(Data section begins)
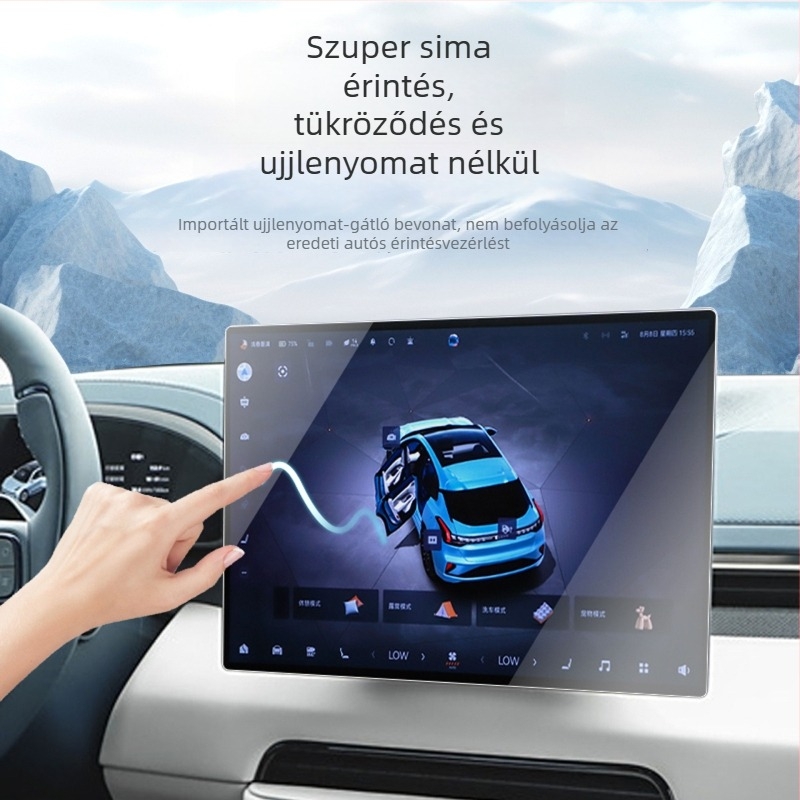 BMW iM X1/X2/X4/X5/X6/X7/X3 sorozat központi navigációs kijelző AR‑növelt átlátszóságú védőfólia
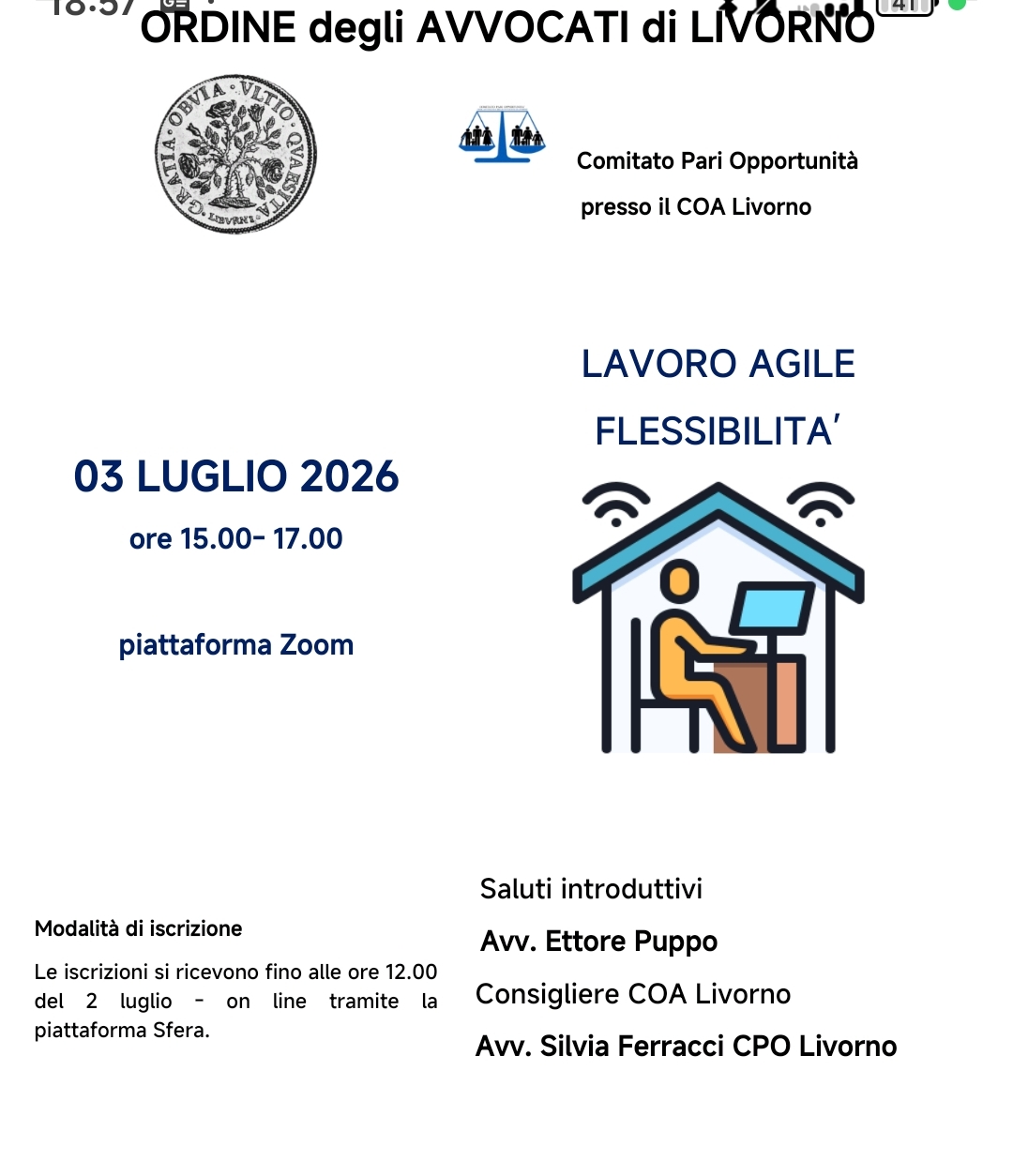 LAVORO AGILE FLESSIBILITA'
(Data section ends)
(Data section begins)
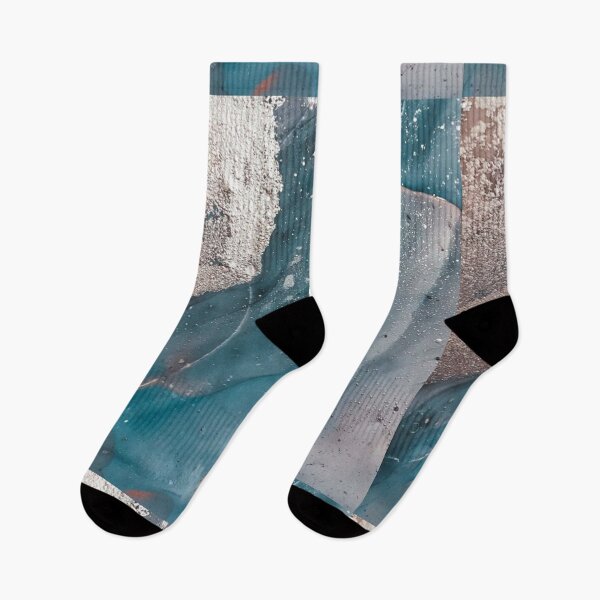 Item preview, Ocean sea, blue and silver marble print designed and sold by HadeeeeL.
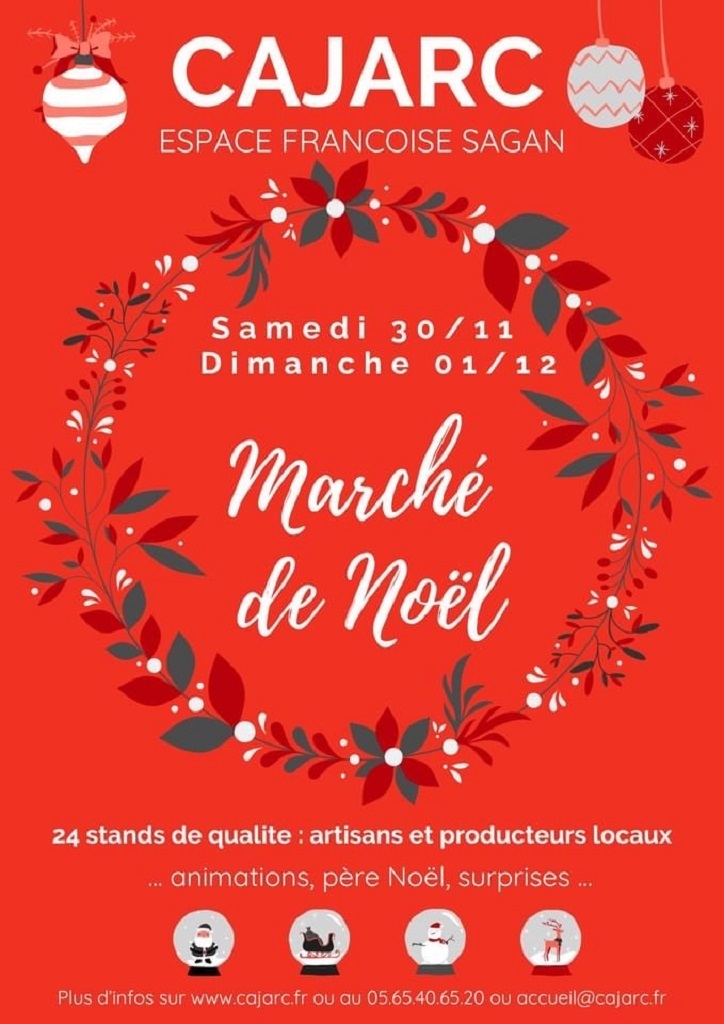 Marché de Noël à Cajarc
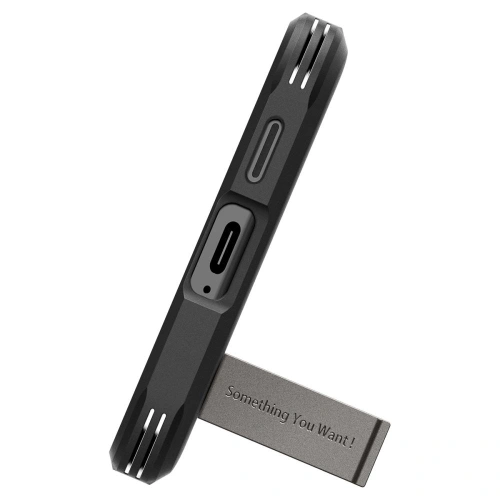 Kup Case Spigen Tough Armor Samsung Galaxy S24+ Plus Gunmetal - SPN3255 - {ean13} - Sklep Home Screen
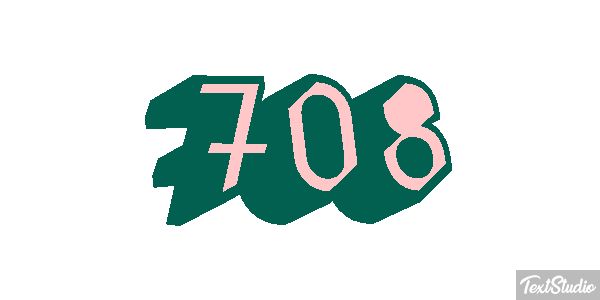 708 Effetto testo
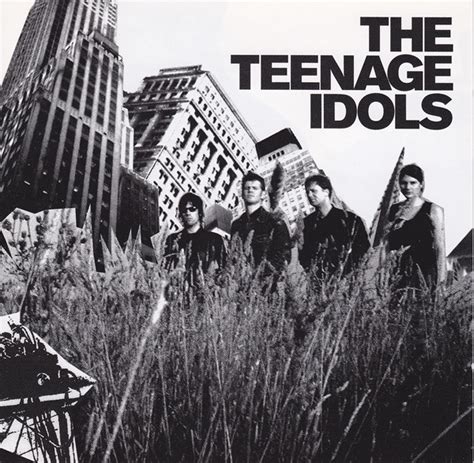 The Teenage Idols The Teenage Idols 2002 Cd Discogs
(Data section ends)
Only the lines starting at the one that includes "BMW iM X1/X2/X4/X5/X6/X7/X3" and ending at the one that includes "LAVORO AGILE FLESSIBILITA'" should be retyped, exactly, from the records above; no pictures.

## [Written solution]
 BMW iM X1/X2/X4/X5/X6/X7/X3 sorozat központi navigációs kijelző AR‑növelt átlátszóságú védőfólia
 LAVORO AGILE FLESSIBILITA'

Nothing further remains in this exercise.